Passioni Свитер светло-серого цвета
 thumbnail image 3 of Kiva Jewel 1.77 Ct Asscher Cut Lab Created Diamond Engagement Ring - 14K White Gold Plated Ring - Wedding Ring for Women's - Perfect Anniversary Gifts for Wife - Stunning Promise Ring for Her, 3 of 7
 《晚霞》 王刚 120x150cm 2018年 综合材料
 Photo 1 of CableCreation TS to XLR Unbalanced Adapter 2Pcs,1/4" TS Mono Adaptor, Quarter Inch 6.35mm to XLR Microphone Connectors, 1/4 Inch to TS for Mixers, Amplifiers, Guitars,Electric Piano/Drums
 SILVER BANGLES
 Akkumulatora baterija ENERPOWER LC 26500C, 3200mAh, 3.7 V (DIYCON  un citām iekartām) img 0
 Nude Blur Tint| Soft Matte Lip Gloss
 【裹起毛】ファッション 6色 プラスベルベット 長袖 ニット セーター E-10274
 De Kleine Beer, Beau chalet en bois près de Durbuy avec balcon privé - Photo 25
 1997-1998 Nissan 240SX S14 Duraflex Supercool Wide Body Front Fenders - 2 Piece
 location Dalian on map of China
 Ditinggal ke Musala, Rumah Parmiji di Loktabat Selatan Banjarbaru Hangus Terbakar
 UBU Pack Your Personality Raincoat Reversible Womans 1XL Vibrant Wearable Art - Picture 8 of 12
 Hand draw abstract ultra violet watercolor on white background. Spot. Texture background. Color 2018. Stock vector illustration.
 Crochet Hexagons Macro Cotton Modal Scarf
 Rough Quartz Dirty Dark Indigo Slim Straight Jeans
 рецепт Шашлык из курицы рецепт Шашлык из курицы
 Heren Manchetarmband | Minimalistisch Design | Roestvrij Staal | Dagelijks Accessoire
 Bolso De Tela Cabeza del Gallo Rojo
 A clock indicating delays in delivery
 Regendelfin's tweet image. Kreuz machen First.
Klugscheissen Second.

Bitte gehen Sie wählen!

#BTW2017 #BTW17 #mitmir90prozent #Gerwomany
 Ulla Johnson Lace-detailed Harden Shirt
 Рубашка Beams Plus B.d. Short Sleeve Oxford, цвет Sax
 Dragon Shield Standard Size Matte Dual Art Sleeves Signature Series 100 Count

┄┄┄┄┄┄┄┄┄┄┄┄┄┄┄┄┄┄┄┄

# [Task description]
Reproduce each record exactly as written above.

# [Answer to this problem]
Passioni Свитер светло-серого цвета
 thumbnail image 3 of Kiva Jewel 1.77 Ct Asscher Cut Lab Created Diamond Engagement Ring - 14K White Gold Plated Ring - Wedding Ring for Women's - Perfect Anniversary Gifts for Wife - Stunning Promise Ring for Her, 3 of 7
 《晚霞》 王刚 120x150cm 2018年 综合材料
 Photo 1 of CableCreation TS to XLR Unbalanced Adapter 2Pcs,1/4" TS Mono Adaptor, Quarter Inch 6.35mm to XLR Microphone Connectors, 1/4 Inch to TS for Mixers, Amplifiers, Guitars,Electric Piano/Drums
 SILVER BANGLES
 Akkumulatora baterija ENERPOWER LC 26500C, 3200mAh, 3.7 V (DIYCON  un citām iekartām) img 0
 Nude Blur Tint| Soft Matte Lip Gloss
 【裹起毛】ファッション 6色 プラスベルベット 長袖 ニット セーター E-10274
 De Kleine Beer, Beau chalet en bois près de Durbuy avec balcon privé - Photo 25
 1997-1998 Nissan 240SX S14 Duraflex Supercool Wide Body Front Fenders - 2 Piece
 location Dalian on map of China
 Ditinggal ke Musala, Rumah Parmiji di Loktabat Selatan Banjarbaru Hangus Terbakar
 UBU Pack Your Personality Raincoat Reversible Womans 1XL Vibrant Wearable Art - Picture 8 of 12
 Hand draw abstract ultra violet watercolor on white background. Spot. Texture background. Color 2018. Stock vector illustration.
 Crochet Hexagons Macro Cotton Modal Scarf
 Rough Quartz Dirty Dark Indigo Slim Straight Jeans
 рецепт Шашлык из курицы рецепт Шашлык из курицы
 Heren Manchetarmband | Minimalistisch Design | Roestvrij Staal | Dagelijks Accessoire
 Bolso De Tela Cabeza del Gallo Rojo
 A clock indicating delays in delivery
 Regendelfin's tweet image. Kreuz machen First.
Klugscheissen Second.

Bitte gehen Sie wählen!

#BTW2017 #BTW17 #mitmir90prozent #Gerwomany
 Ulla Johnson Lace-detailed Harden Shirt
 Рубашка Beams Plus B.d. Short Sleeve Oxford, цвет Sax
 Dragon Shield Standard Size Matte Dual Art Sleeves Signature Series 100 Count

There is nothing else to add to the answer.